Understanding surgical options from a pilonidal surgeon’s perspective
There are several surgical options for refractory pilonidal disease. Multiple such options are offered at Pilonidal Treatment Center of NJ. Before listing them, let us define what “refractory” pilonidal disease is. First, any pilonidal patient who has recurrent (>1) pilonidal abscesses has refractory disease. These abscess episodes may require surgical drainage, antibiotic therapy, or both. Second, any pilonidal patient with chronic pain in the area, despite lifestyle modification, has refractory disease. Finally, any pilonidal patient with a chronically draining focus known as a sinus tract has refractory disease.
The first surgical option for refractory pilonidal disease is the pit-picking procedure. This is offered to patients who seek a minimally invasive pilonidal cystectomy, with tiny incisions. Certain pilonidal patients are better candidates for this procedure than others. For example, a patient with an innately shallow cleft and several isolated off-midline sinus tracts would be an optimal candidate. The most exciting development in the pit-picking technique is the ability to do it under direct camera visualization. This modification is known as endoscopic pilonidal sinus treatment (EPSiTS). EPSiTS is offered only at PTCNJ.

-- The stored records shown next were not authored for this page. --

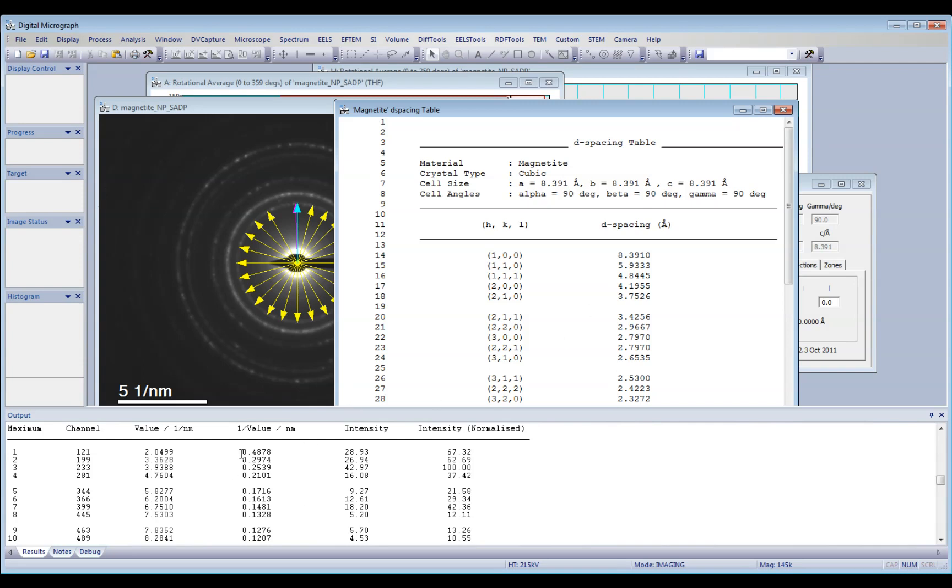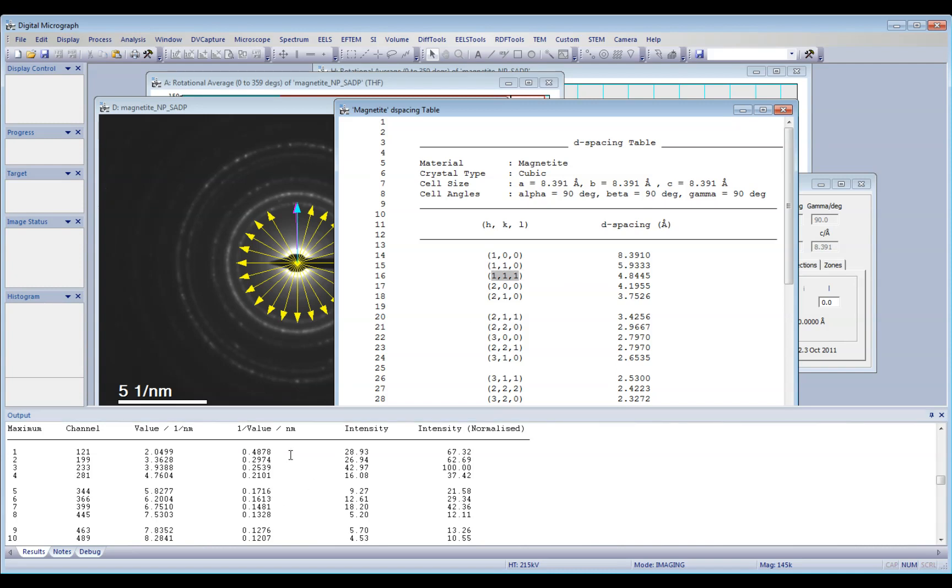For example, in my case, I measured 0.4878 nanometers, that's actually 0.484 angstroms. So this is the 1, 1, 1 plane. So we start to identify those planes.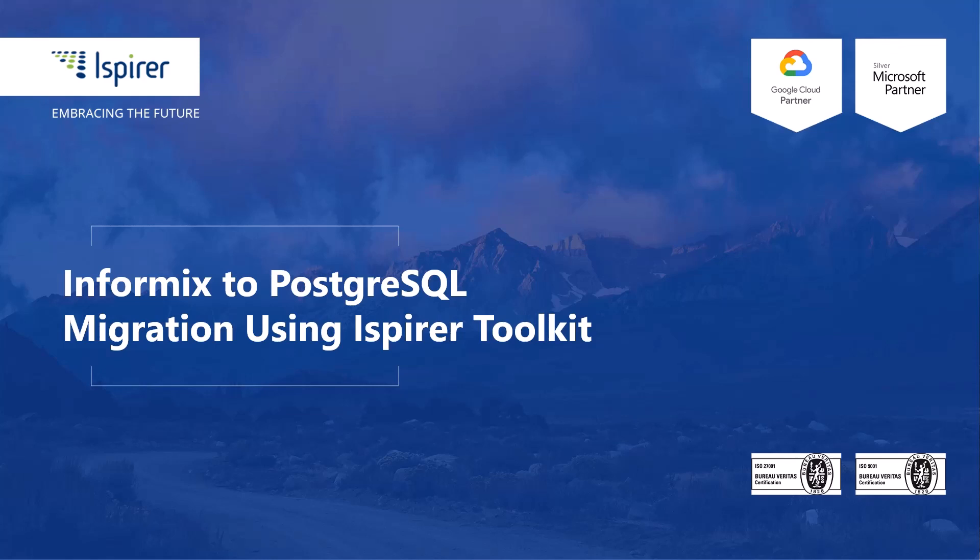Hi everyone. Today I'd like to walk through a quick, simple migration from Informix to PostgreSQL database using iSpirer toolkit.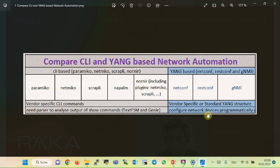In the previous section on CLI-based network automation using Python Nornir, we used NetMiko, Scrapli, and Napalm plugins to send CLI commands to many devices at the same time and automate the network. But one challenge with CLI-based automation is that different vendors and even different devices of the same vendor use different CLI syntax. Also, the output of show commands is text-based, which requires using regular expressions to parse the output and extract information.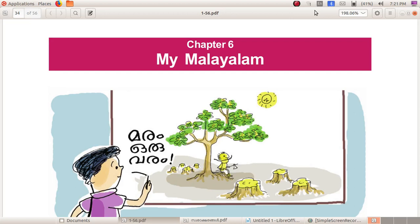Hello dears, good morning all. Today we are going to start our Chapter 6, that is My Malayalam. It is interesting compared to other chapters because in this class you are going to study how to type Malayalam in the computer.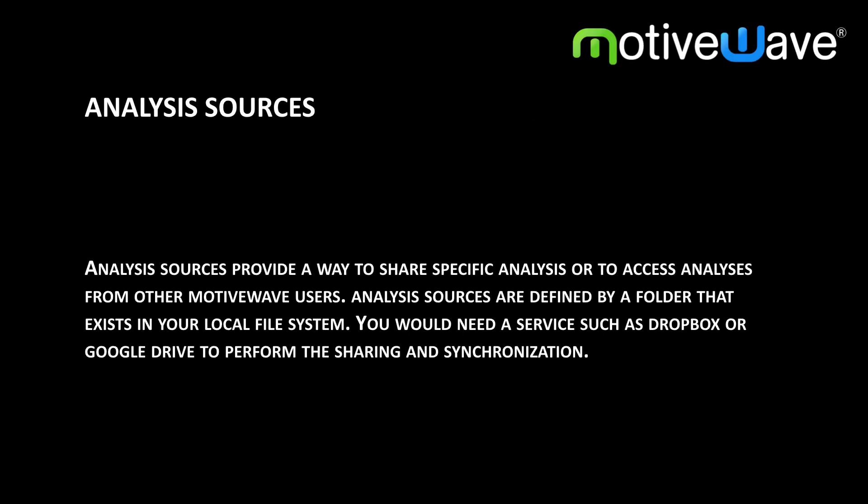In this video we will be reviewing the analysis sources available with the repository feature in MotiveWave. Analysis sources provide a way to share specific analysis or to access analyses from other MotiveWave users.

The second surgical option for refractory pilonidal disease is the so-called “simple pilonidal cystectomy” also uniquely offered at PTCNJ. For the patient with an isolated pilonidal cyst/sinus, at least 4 cm above the anus, this may be a good first-line option. The distribution of disease must be limited to a 9 x 3 cm elliptical area for the patient to be considered a candidate for this procedure. Although the procedure can possibly be performed by non-specialist general surgeons, it is better performed in the hands of a pilonidal surgeon.

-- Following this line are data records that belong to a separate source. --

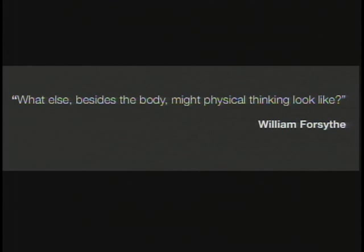The project was initiated by William Forsyth, a renowned choreographer who's most special for having completely reimagined the possibilities of classical ballet and exploded the boundaries of the form. He came to my colleague Maria Palazzi and me in 2005 and said, 'What if we just took this dance, took one of my dances, gave it to you, got a bunch of smart people in the room, and asked: what else might this dance look like? What else besides the body might physical thinking look like?' That's a really interesting and interdisciplinary question.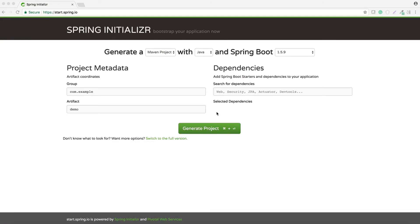Hello everyone. In this video we are going to create a custom starter with Spring Boot. In order to create a custom starter you need a Spring Boot project as the default starting point. You have two ways: either you can use start.spring.io to create your project structure, or you can use any preferred editor. For this demonstration I have used start.spring.io to create that project.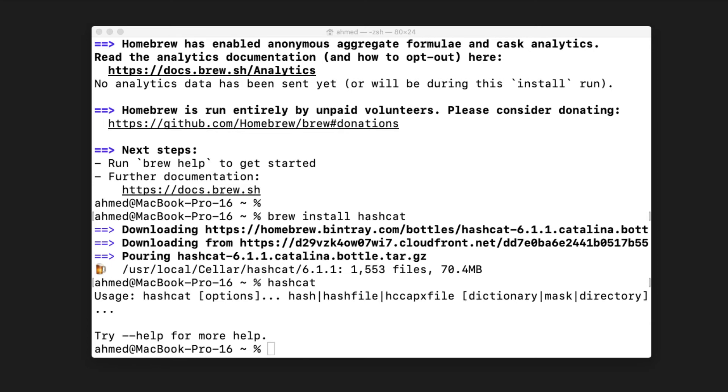In the next video, we'll see how to successfully crack some MD5 hashes and SHA-1 hashes. See you in the next video!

Finally, the third surgical option for refractory pilonidal disease is the cleft-lift procedure. When performed by a high-volume pilonidal surgeon, the wound healing is expeditious and durable. Recurrence is minimal. It differs from the simple pilonidal cystectomy in that the natal cleft is flattened and the incision is longer. This operation is our “gold standard”. It can be also effectively employed for unfortunate patients who have large, open, nonhealing pilonidal cystectomy wounds from outside providers. The results in this latter context are equivalently excellent when compared to patients without wounds.